The early sun produced powerful x-ray emissions that may have helped to ensure the survival of our planet, scientists say. Data from NASA's Chandra X-ray Observatory suggest that violent x-ray flares, which reached temperatures of 100 million kelvins, may have rocked the surrounding disk from which planets formed and prevented Earth from rapidly spiraling into the sun and being destroyed.

An international team of astronomers focused Chandra on the Orion Nebula for 13 days, resulting in one of the instrument's deepest observations yet. Located 1,500 light-years from Earth, the Orion Nebula provides a way for scientists to study how our sun behaved in its early years: of this stellar nursery's more than 1,000 stars imaged by Chandra, 27 of them are prototypes of the young sun. Over the study period, which was equivalent to looking at the young sun for nine months, the team detected 41 large x-ray flares thousands of times larger than any modern-day solar flares detected. The findings indicate that around 4.5 billion years ago, our sun experienced a flare each week, on average. The activity has since died down, with solar flares now occurring on the order of once a year.

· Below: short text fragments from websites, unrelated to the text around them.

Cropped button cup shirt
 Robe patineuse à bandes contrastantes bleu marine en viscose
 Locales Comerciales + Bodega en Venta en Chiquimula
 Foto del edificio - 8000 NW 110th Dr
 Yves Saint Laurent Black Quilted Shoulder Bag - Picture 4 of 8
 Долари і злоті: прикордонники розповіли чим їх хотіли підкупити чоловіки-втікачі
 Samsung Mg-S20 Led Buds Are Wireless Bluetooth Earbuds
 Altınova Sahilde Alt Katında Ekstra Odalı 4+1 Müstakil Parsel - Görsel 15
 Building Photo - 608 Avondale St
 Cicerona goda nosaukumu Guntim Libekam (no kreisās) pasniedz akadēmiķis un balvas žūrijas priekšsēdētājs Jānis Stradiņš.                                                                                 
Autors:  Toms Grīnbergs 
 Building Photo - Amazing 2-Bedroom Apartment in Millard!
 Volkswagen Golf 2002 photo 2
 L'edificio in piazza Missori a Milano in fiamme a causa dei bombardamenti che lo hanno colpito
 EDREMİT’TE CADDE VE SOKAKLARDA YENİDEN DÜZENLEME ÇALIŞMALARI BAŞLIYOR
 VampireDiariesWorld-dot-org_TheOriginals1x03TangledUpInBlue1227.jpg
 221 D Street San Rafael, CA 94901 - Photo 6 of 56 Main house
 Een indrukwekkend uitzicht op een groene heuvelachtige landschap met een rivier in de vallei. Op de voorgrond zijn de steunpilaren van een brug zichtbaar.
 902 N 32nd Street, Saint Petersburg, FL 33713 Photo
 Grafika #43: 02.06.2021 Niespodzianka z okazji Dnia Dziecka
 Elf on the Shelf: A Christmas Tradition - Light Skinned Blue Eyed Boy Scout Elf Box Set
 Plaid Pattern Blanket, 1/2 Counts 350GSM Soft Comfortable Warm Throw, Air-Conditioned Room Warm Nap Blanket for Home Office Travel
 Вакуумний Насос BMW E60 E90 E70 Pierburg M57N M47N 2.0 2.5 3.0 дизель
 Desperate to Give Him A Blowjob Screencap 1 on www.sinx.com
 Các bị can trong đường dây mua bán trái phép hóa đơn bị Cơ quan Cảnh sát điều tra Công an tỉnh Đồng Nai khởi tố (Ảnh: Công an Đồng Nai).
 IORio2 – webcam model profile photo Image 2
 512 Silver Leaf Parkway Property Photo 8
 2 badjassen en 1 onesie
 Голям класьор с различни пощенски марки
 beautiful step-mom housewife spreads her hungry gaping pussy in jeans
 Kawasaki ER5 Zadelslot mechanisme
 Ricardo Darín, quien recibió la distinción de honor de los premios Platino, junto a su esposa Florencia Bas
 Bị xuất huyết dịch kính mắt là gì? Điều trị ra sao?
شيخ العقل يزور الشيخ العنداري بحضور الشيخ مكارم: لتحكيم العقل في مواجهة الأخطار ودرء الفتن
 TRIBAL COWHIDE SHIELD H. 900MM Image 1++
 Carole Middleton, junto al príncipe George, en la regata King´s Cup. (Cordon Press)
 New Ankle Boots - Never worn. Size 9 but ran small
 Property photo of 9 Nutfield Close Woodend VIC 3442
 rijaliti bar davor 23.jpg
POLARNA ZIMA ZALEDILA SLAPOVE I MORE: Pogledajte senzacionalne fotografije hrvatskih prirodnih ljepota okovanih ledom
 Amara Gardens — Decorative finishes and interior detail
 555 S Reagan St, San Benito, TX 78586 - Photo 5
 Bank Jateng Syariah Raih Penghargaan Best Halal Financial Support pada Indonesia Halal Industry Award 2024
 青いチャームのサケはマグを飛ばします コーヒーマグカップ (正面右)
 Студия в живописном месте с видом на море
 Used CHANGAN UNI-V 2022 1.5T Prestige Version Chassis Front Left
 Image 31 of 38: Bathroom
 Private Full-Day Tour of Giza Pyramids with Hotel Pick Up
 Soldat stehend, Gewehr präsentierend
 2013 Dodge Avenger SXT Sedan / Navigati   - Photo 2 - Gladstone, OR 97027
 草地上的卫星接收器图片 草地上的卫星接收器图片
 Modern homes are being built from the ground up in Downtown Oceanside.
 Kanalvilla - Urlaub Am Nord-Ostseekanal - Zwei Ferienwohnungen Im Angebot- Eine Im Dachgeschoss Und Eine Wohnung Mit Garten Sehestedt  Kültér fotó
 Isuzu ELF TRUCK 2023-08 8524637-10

The researchers hypothesize that the early mighty flares could have aided in the formation of our solar system. Theoretical calculations reveal that turbulence caused by forceful x-ray eruptions can disrupt planet-forming disks. "Although these flares may be creating havoc in the disks, they ultimately could do more good than harm," explains team member Eric Feigelson of Penn State University. "These flares may be acting like a planetary protection program." That's because without the disruption, the core of a burgeoning planet could lose angular momentum through its interaction with gas in the disk and fall into the star. When turbulence jostles the core, however, the protoplanet is more likely to survive. The results will appear in a supplement of the Astrophysical Journal dedicated to the Chandra Orion Ultradeep Project in October 2005.